Tauziehen Moskau-Astana

Von Irina Wolkowa, Moskau *

Es war zumindest eine unfreundliche Geste: Am Vorabend des Moskaubesuchs von Kasachstans Außenminister Erlan Idrissow, der am Freitag zu Ende ging, schlug das russische Außenministerium harte Töne im Streit um den Weltraumbahnhof Baikonur an. In einer Note wurden alle Maßnahmen aufgelistet, die Russland ergreifen könnte, falls Kasachstan seine Entscheidung über die Kürzung der Zahl russischer Raketenstarts nicht zurücknimmt.

Die Regierung in Astana hatte beschlossen, dass Russland in diesem Jahr vom kasachischen Baikonur nur noch 12 statt bisher 14 Trägerraketen ins All schießen darf. Moskau ist empört - Kasachstan verstoße damit gegen den Pachtvertrag - und droht mit der Einstellung aller gemeinsamen Raumfahrtprojekte.

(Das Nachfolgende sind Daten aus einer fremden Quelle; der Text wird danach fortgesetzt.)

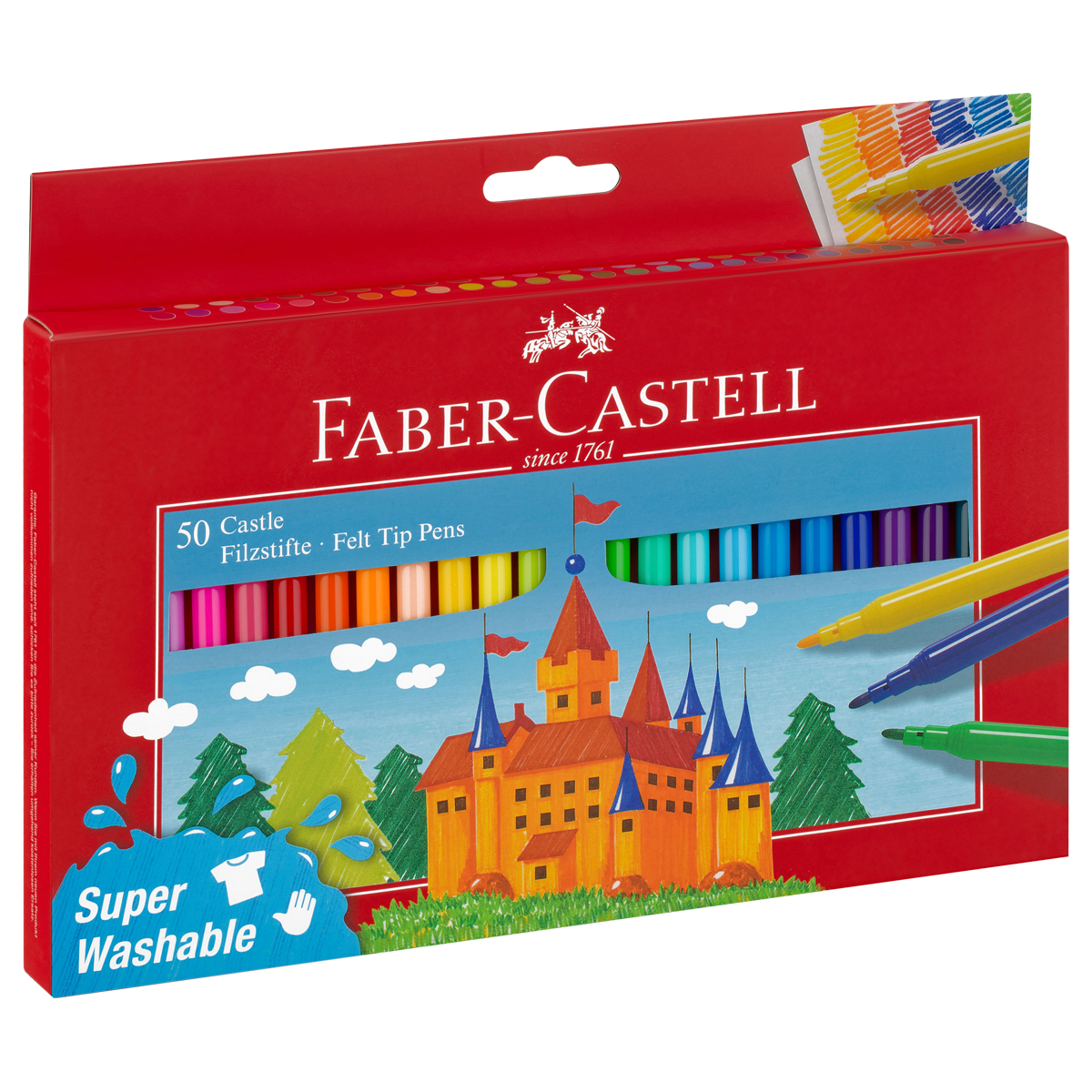 Фломастеры Faber-Castell "Замок", 50цв., смываемые, картон, европодвес - фото 9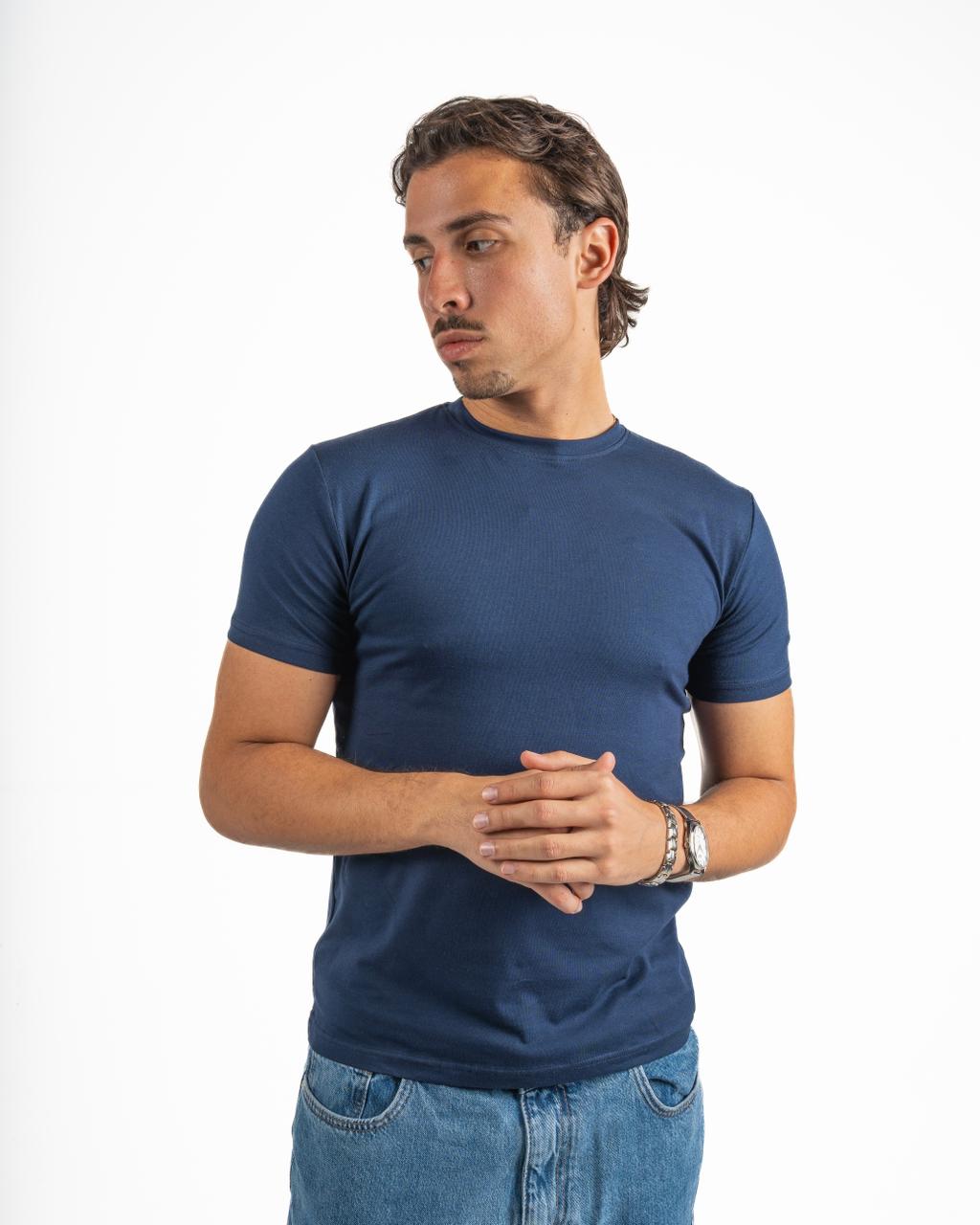 Short Sleeve Round T-shirt - Blue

Von Baikonur aus startete die Sowjetunion seit 1955 Interkontinentalraketen, Satelliten und Raumschiffe. Nach dem Zerfall der Union pachtete Russland das 57 Quadratkilometer große Gelände. Moskau zahlt dafür jährlich umgerechnet etwa 200 Millionen Euro Nutzungsgebühren und wickelt über die insgesamt 15 Startrampen rund 70 Prozent seiner Weltraummissionen ab.

Mehrfach waren Zündstufen von Trägerraketen jedoch kurz nach dem Start explodiert und hatten auf kasachischem Gebiet für erhebliche Umweltschäden gesorgt. Die Präsidenten Wladimir Putin und Nursultan Nasarbajew einigten sich daher im Juni 2012 auf eine von Russland dafür zu zahlende Pauschale von jährlich 460 000 Dollar. Ein Abkommen dazu wurde bisher jedoch nicht unterzeichnet, weshalb Kasachstan die Verseuchung zum Anlass für Auflagen und Beschränkungen russischer Raketenstarts nimmt.

Die russische Raumfahrtagentur Roskosmos sieht dadurch fünf kommerzielle Programme gefährdet, was mit Verlusten von 500 Millionen Dollar zu Buche schlagen und Russland zwingen könnte, sich ganz aus Baikonur zurückzuziehen. Kasachstan allein wäre jedoch mangels Spezialisten nicht in der Lage, den Raumbahnhof zu unterhalten. Andererseits dürfte auch Russland derzeit keine Alternativen haben. Zwar entsteht in der Amur-Region der neue Weltraumbahnhof Wostotschny (Der Östliche). Ob dort, wie geplant, schon 2015 die erste Rakete starten kann, ist indes so sicher nicht.